Capire quali siano i loschi piani che il presidente turco cova nella propria mente malata, pensando al suo recente coinvolgimento nella guerra che da troppi mesi si sta combattendo in terra libica, è utile. Lo è soprattutto a chiarire chi sia l’uomo che ha trasformato una Turchia laica e aperta all’Occidente nello spettro di se stessa. Per farlo riprendiamo parte di ciò che scrivono quelli di “Rojava resiste” su Telegram, il prezioso canale d’informazione sul Vicino e Medio Oriente e di solidarietà con la rivoluzione confederale in Siria del Nord.
Pensando alle recenti mosse dell’attuale governo turco è chiaro che, nel suo agire, vi sia una strategia mirata. Perseguita con unico scopo: rimanere a galla a livello internazionale. Restando aggrappati con i denti e con le unghie al potere. Erdogan ci sta riuscendo con ogni mezzo lecito e illecito, così come ci pare ancor più evidente leggendo ciò che scrive “Rojava resiste”, che ha particolarmente a cuore la questione curda, il dramma di un popolo vessato in primo luogo proprio dalla Turchia dell’attuale presidente:
“Il 2 gennaio il parlamento di Ankara ha votato a favore della missione militare turca in Libia, a sostegno del governo tripolitano di Al Sarraj, secondo l’accordo bilaterale del 27 novembre scorso. Ieri è iniziato il dispiegamento delle truppe di Erdogan a Tripoli.
Dopo la guerra in Siria del Nord, l’apertura del secondo fronte libico permetterà a Erdogan e al governo AKP-MHP un doppio vantaggio sul fronte interno e sul piano geopolitico: in primis, la mobilitazione nazionalista e l’ulteriore torsione autoritaria, consolidando un consenso eroso dalla pesante crisi economica che vive il paese.
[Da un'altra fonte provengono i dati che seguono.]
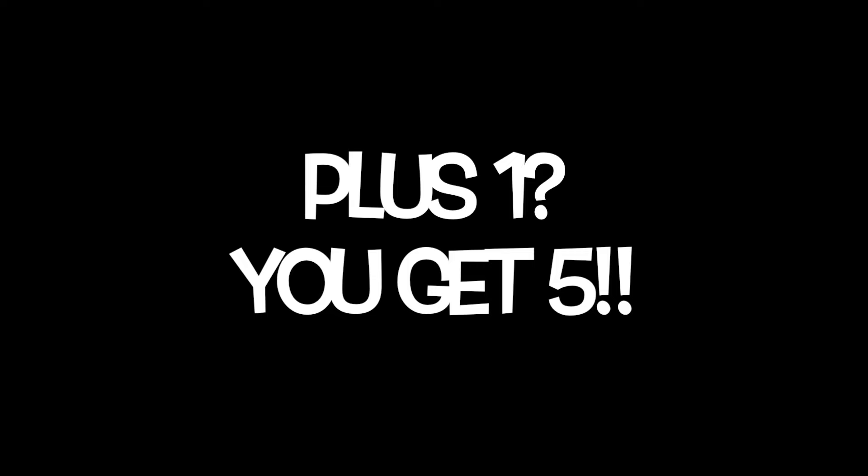What's the smallest number in two plus three? It's the two. Double the two, you get four. Plus one, you get five. Two plus three equals five.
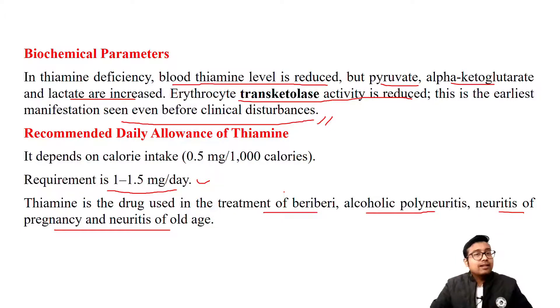Thiamine is used to treat vitamin B1 deficiency disorders: beriberi, alcoholic neuritis, and other neuritis of pregnancy and old age. I hope you liked this video. You absolutely need to know these things for any exam, whether you are a final year student or a first-year undergraduate. Feel free to get back to me with any queries in the comment section, and I will continue with other vitamins in this lecture series. Bye and take care, thanks for watching.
Pilastro fondamentale il tema profughi: l’accordo con Tripoli consegna di fatto ad Ankara il controllo della seconda principale rotta di migranti verso l’Europa – dopo la Siria -, ottenendo il monopolio sulla gestione dei flussi. Oltre a rappresentare un’altra colonia di deportazione per i 4 milioni di profughi presenti in Turchia.
Il fronte libico è una valvola di sfogo anche per le migliaia di jihadisti alleati di Erdogan, che proprio in Turchia hanno conti correnti, appoggi logistici, armi, sostegno e che risultano sempre più irrequieti verso gli accordi del Sultano con Mosca e Damasco. A combattere per Al Sarraj, cioè per il governo sostenuto da Nazioni Unite (e Italia), andranno i tagliagole delle bande jihadiste di Hay’at Tahrir al-Sham.”
Insomma, uno scenario da far accapponare la pelle. Soprattutto pensando di aver affidato alle mani insanguinate di Erdogan il futuro di milioni di profughi siriani e la gestione dei flussi di migranti non più solo dalla Siria, ma ora anche di quelli in arrivo dalla Libia. È follia pura, che non porterà a nulla di buono. Oltre che il segno di un’Europa in agonia, sempre di più messa all’angolo rispetto alle questioni strategiche e ai conflitti che infiammano il mondo intorno a noi.